Here are some surefire simple ways to improve your relationship with your child. I used the acronym, P.E.A.C.E., to help others remember the 5 steps of more peaceful parenting. I’m sure that some of them you are already doing – because, hey, you’re already a concerned parent reading an article about parenting!
P is for PLAY! – Try to spend at least 5 minutes a day with your child where he or she decides and directs what you do; of course, safety and established family rules still apply. Start off by setting the time parameters, so that he or she can know what to expect (for example, “ Let’s have our special play time. We can play for 15 minutes together today.”). During the time let the child chose the activity and you follow his or her lead. For those precious minutes let yourself play that board or video game you can’t stand … or dress up silly … or take on a certain role that your child assigns you. It may not be as easy as it sounds at first, because it’s easy to slip into our other parenting roles. But give it a try. Your child will be so excited to share the play with you. And you will learn things about your child that you would never expect.
E is for EMOTION! – Next time you find yourself arguing with your child, try your best to understand what the child is feeling in that moment and reflect it back to him or her. If the child is angry because he or she can’t do what they want, state, “Wow, you are really mad that we can’t do that now. I understand how you feel.” Don’t change your parental decision on the moment, but do give the child the knowledge you understand him or her. It’s amazing how this can quickly de-escalate a could-be meltdown! Think about it, you always feel better when others try to understand what you are feeling. They may not be able to change the situation, and you may not even want them to, but you feel better knowing that someone understands your point of view.
A is for ADULT TIME! Take care of your own needs. If you can’t get the sleep, food, exercise, and social time you need (not necessarily want), you won’t be able to be the person, and parent, that you need to be for your child. Too often I find that parents put their own basic needs aside, believing it’s what is best for the children. What happens as a result is crabby parents that start to resent their children. It’s all about balance. And it’s a great example to show the next generation.

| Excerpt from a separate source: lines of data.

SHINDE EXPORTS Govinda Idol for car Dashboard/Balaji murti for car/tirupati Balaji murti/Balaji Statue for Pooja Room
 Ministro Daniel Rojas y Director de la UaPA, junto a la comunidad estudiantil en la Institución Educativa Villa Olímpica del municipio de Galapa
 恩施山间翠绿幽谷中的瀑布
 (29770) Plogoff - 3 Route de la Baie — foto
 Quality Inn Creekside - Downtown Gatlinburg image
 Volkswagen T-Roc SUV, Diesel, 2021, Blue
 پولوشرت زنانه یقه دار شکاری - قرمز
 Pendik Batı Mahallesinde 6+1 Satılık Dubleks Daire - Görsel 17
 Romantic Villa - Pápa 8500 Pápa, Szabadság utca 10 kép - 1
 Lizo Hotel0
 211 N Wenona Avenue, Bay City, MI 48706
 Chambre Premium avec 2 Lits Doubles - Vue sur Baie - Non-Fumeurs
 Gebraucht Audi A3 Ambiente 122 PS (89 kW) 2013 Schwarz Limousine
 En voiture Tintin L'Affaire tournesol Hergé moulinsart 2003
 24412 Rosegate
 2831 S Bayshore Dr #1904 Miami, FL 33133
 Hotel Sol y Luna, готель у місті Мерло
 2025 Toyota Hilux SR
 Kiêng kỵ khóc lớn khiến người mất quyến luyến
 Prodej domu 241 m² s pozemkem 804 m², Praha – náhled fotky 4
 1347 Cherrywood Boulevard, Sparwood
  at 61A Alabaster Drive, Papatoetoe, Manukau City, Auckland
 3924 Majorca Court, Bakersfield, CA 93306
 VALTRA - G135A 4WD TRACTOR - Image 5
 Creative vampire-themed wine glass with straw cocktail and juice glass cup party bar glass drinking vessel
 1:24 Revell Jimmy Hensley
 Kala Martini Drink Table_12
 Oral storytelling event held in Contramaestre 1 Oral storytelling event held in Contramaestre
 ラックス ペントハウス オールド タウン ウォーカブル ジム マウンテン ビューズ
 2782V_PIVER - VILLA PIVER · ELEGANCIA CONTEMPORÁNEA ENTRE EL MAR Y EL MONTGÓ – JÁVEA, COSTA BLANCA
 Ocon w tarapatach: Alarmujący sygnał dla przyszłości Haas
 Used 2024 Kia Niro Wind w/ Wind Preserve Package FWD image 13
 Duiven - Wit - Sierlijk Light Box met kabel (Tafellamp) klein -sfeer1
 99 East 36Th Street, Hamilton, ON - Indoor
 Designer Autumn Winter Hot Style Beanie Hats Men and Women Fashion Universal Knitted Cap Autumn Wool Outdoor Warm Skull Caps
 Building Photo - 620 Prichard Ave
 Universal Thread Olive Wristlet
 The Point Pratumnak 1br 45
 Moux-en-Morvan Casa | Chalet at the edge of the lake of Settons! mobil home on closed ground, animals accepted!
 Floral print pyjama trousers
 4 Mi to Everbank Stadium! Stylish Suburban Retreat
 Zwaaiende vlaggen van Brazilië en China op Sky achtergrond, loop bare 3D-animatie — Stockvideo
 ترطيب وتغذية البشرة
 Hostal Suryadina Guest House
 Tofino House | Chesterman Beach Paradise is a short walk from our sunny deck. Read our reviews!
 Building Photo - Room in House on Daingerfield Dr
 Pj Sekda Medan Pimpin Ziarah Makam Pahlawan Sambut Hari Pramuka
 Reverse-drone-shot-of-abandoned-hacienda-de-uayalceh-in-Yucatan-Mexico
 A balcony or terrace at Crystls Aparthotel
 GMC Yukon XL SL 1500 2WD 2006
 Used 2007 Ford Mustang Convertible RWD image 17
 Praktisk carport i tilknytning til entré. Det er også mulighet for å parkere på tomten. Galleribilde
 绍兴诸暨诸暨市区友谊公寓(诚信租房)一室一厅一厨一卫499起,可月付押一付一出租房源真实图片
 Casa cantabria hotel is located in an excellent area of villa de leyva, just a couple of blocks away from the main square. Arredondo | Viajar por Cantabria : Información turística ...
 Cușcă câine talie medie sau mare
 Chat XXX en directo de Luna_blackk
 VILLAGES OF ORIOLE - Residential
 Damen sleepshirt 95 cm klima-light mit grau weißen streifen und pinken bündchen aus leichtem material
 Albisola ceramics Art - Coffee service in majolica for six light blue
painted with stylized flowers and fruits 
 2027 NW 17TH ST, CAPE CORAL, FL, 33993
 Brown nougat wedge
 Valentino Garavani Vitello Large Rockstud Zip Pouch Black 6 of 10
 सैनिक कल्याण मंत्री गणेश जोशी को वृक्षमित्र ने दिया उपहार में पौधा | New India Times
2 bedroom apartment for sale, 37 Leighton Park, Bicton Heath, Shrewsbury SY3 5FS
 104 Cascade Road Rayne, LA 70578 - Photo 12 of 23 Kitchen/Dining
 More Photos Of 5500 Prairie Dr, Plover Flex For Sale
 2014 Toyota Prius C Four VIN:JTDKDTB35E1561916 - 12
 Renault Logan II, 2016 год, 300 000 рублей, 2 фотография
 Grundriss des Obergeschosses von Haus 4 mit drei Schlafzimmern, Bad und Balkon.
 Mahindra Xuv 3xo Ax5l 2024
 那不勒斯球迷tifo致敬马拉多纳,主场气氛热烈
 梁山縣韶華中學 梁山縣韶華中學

C is for CONSISTENCY! – Be consistent and respectful to your children. You would get pretty grouchy if you were told one thing and then the person did the opposite (“We’ll get ice cream after we finish this errand.”) … or if you were in the middle of doing something and someone told you that you HAD to stop immediately and dragged you away (swooping in a grabbing your child by the hand to take them somewhere, without giving them any warning). Put yourself in their little shoes every once in awhile. Remember to treat your children as you would like to be treated, and they will follow your example. This goes for discipline as well. If you tell a child that “If you do that one more time, I’ll …” – FOLLOW THROUGH. Children are quick learners. If you don’t follow through on the consequence they will learn that if they persist in their undesired behavior they will be able to get away with it.
E is for ENDINGS! – End each day (no matter how many time-outs you had to give) with telling the child how much you love him or her and stating at least one thing that the child did that day that made you proud to be his or her parent. Who wouldn’t want to go to sleep knowing the things they did right?
I hope these simple strategies help you keep the P.E.A.C.E. in your family and improve the most important relationships in your life …. those with the future, your children.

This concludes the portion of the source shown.